The door sealed behind them, and the corridor outside A Block brought back the controlled quiet of Cube X. Screens tracked vitals, security routes, and block statuses. Elias walked beside Oliver in the green outfit, feeling less dressed than labeled.

"Where are we going this time?"

"Room 3-A for the Shard Impact Scan. It measures how the shard is seated, how your body is responding, and whether your Ikona can be detected through standard equipment, and you do not discuss results outside authorized areas."

"That is the second version of that warning today."

"Expect more versions before dinner today."

Room 3-A opened into a medical testing chamber. A metal table sat in the center under a circular scanner mounted on a track. Monitors lined the walls with skeletal diagrams, heat maps, and layered body models. A man in a lab coat stood near the main console, turning an empty vial between his fingers.

He looked at Elias, then at Dot, and when Dot lifted a hand, the doctor's eyes followed the movement.

Elias stopped. "You can see her moving beside me?"

"Not clearly enough for certainty yet," the doctor said. "Enough to know something waved in my direction. I am Doctor Halden, and you are here because your shard refuses to behave like a quiet piece of foreign material."

Dot drifted closer to him. "I like him already, because he noticed me first."

Halden smiled at the empty air near her, then pointed toward the table.

"Climb up onto the table, Elias. The scan is painless unless you are emotionally attached to privacy."

"I have lost too much today to defend that last part."

Elias lay flat on the table. The scanner lowered until it hovered above his chest. Small nodes lit one after another, and a vibration moved through him from throat to ribs to stomach. It was not pain. It was pressure, like the machine was asking his bones a question.

Dot hovered near his shoulder, watching the scanner with open suspicion.

"If it steals my shape, I am blaming the doctor."

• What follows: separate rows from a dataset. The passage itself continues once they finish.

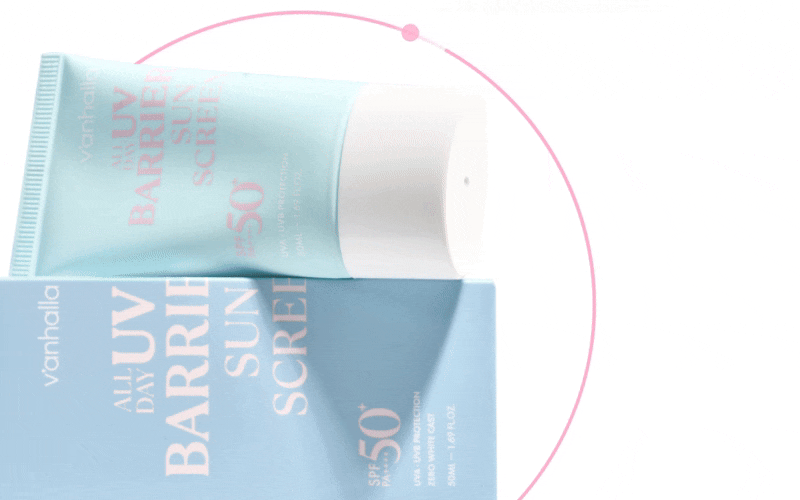UV Protection, Wrinkle care, Brightening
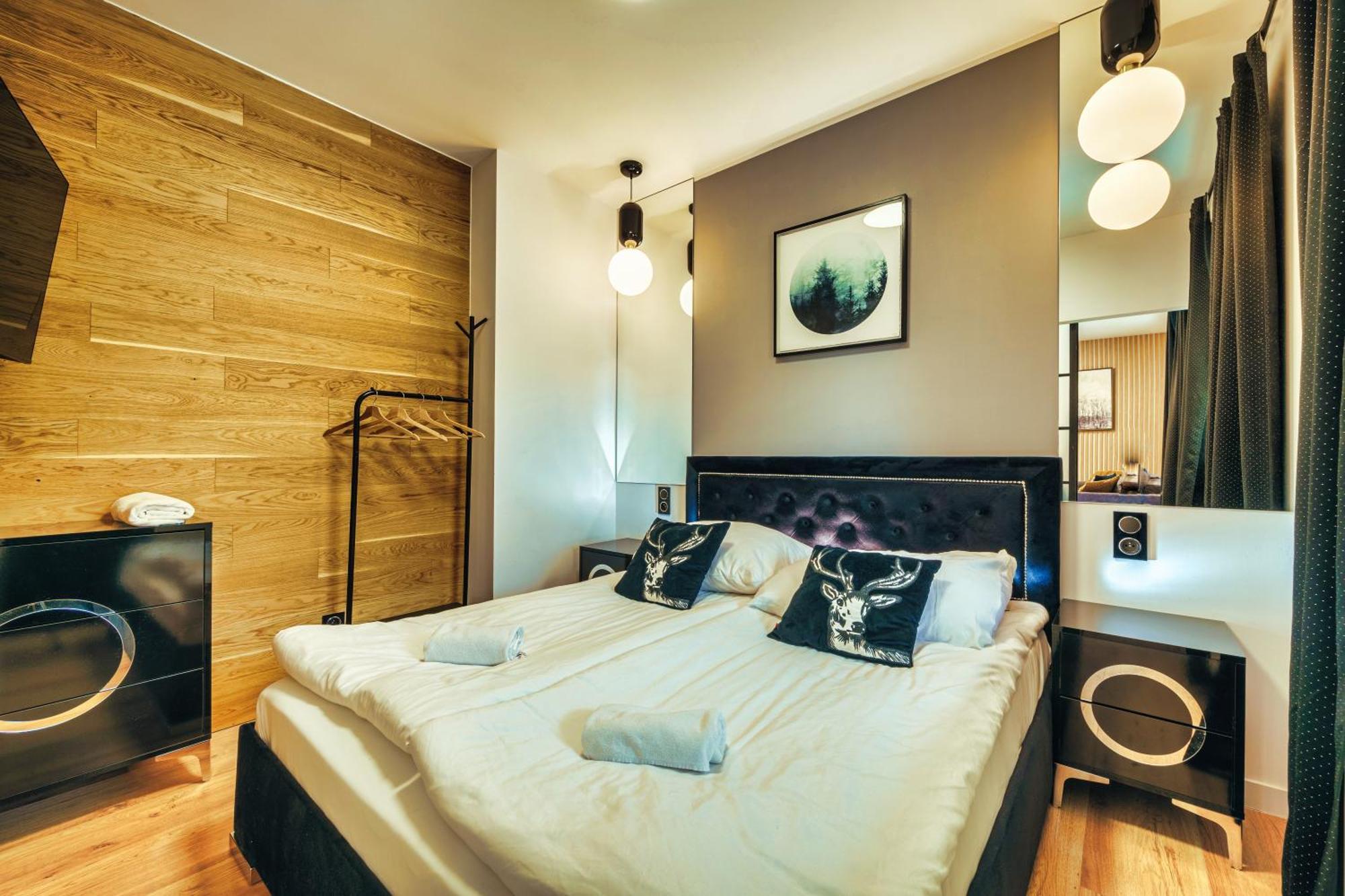 Kwarc G2 - Apartament Rodzinny - Prywatna Sauna Świeradów-Zdrój Buitenkant foto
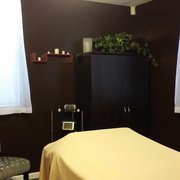 Treatment room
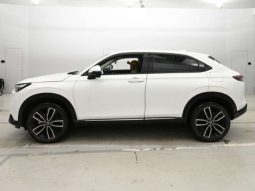 Honda Vezel eHEV Z 2021 Hybrid White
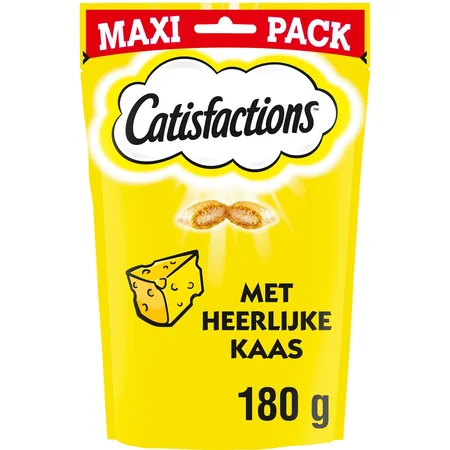 Catisfactions kaas 180gr - afbeelding 2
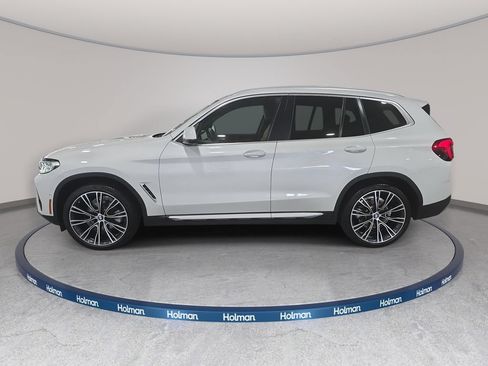 Certified 2023 BMW X3 sDrive30i w/ Convenience Package RWD image 8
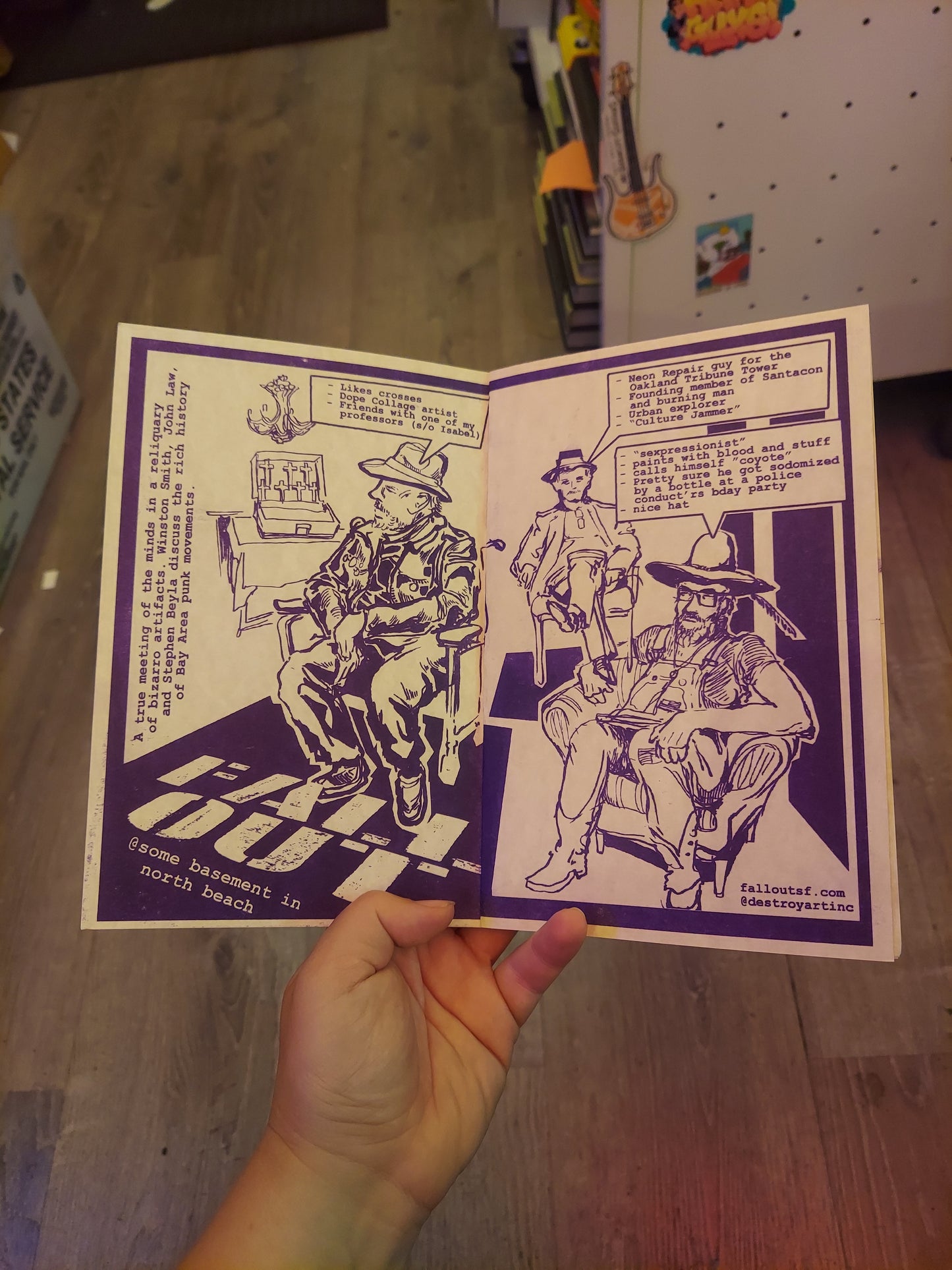 Genius Loci by Brian Kwon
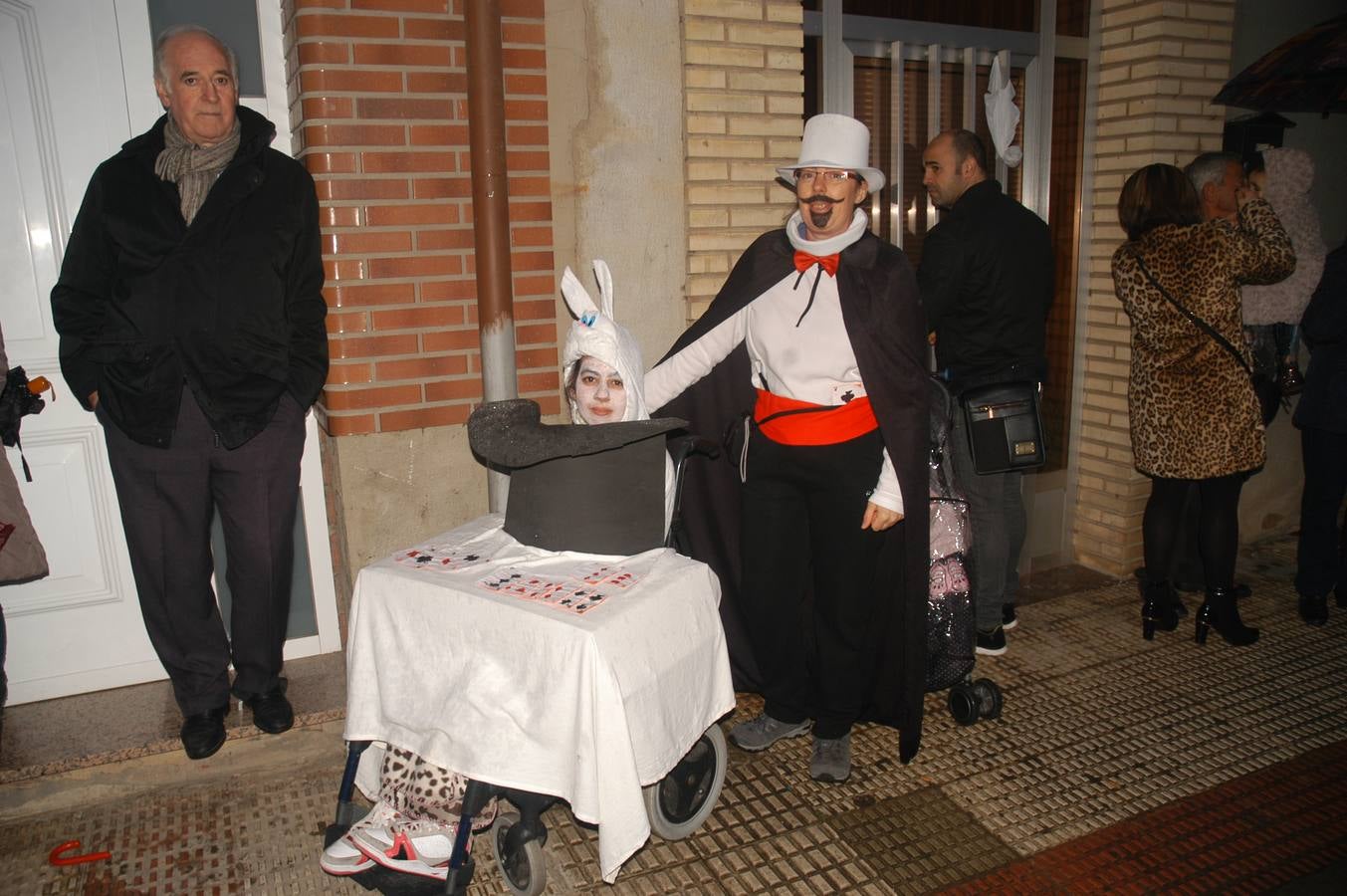 Carnaval en Cervera (1)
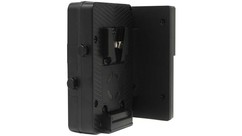 Core SWX Short V-Mount Battery Hotswap "Shark Fin" Adapter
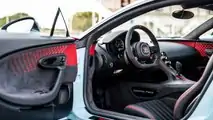 Bugatti Sur Mesure Chiron Pur Sport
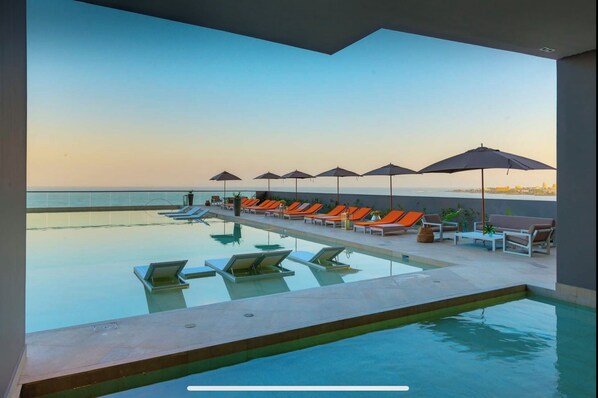 Pool - Vrbo Property (Cartagena de Indias)
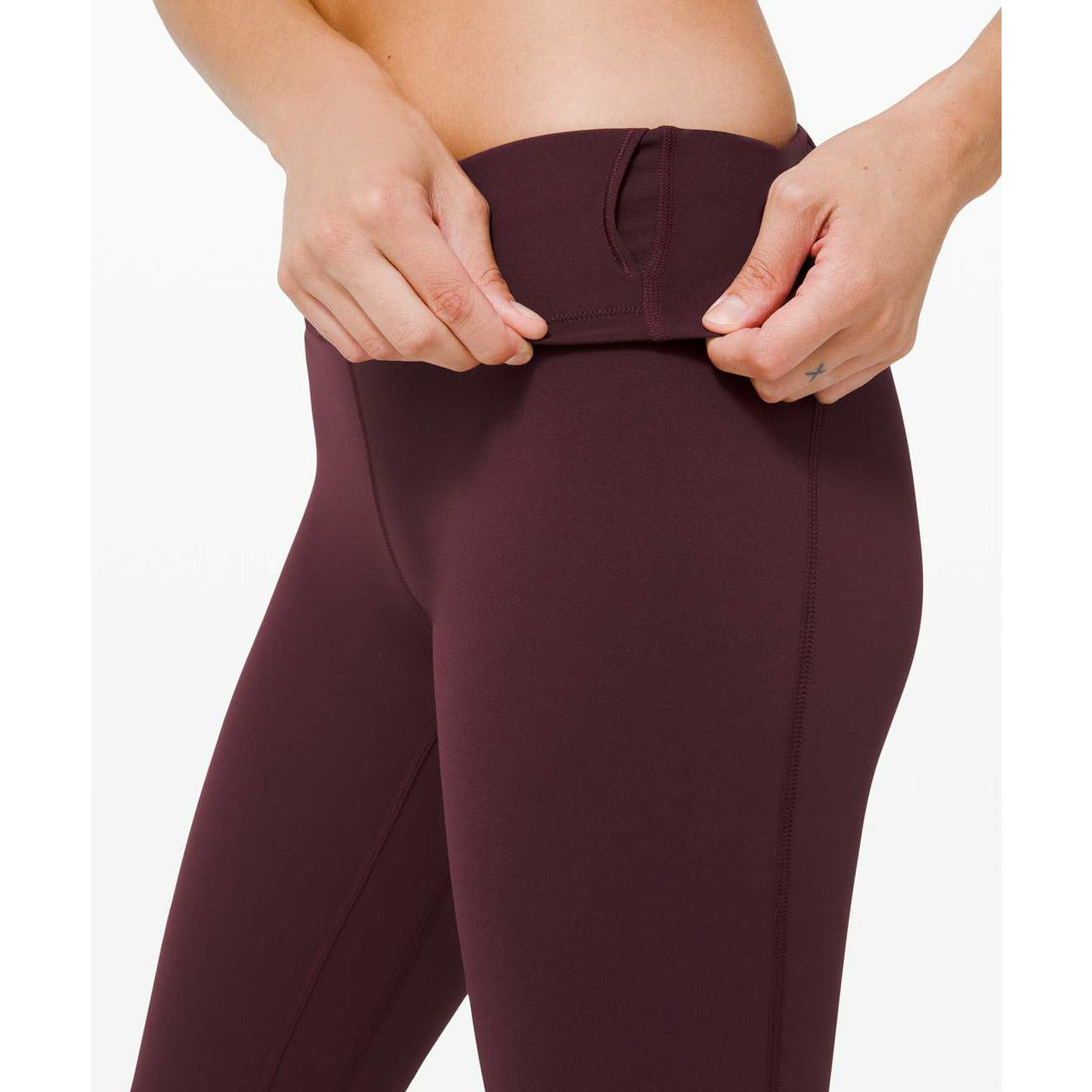 Align HR Pant 25" *Scallop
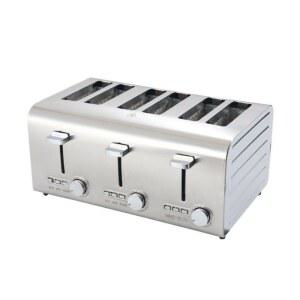 상업용 토스트기 6구 업소용 토스터기 까페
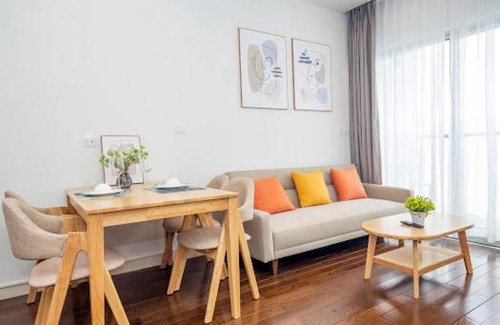Ba Dinh Apartment | Lancaster Apartment Hanoi - CitiHome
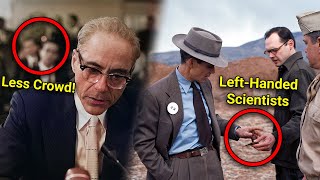 I Watched Oppenheimer 4 Times in 4 Days and Here's What I Found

"Reasonable enough for this testing room," Halden said, making a note. "Paranoid, but reasonable enough for today."

The scan passed over Elias twice before the machine chimed.

Halden pulled the first image onto a glass panel and then raised a second beside it.

"Left side is a normal scan, mine actually, because I was available and vain enough to compare well, while the right side is yours."

Elias sat up.

The difference was immediate.

The normal image showed bone, tissue, and ordinary shadows. His own scan carried thin blue-white lines through the body, threading around veins, organs, and bone like a second circulatory map. The shard sat below the sternum, tucked into him with a precision that made surgery seem too crude a word.

It did not look stuck. It looked installed.

Elias touched the center of his chest. "That is inside me right now."

"Very much inside you at the moment," Halden said. "Integrated better than most, and I have only seen this level of connection in two others so far: Kikaru and Gavlin."

"Gavlin is from another block, right?"

"Correct, with different expression and similar depth. Do not compare personalities based on scans, because the universe enjoys making doctors look stupid."

Dot moved closer to the image and, for once, did not joke.

"Elias, that line reaches where I sleep," she said.

He looked at the web again, and the room felt colder than before.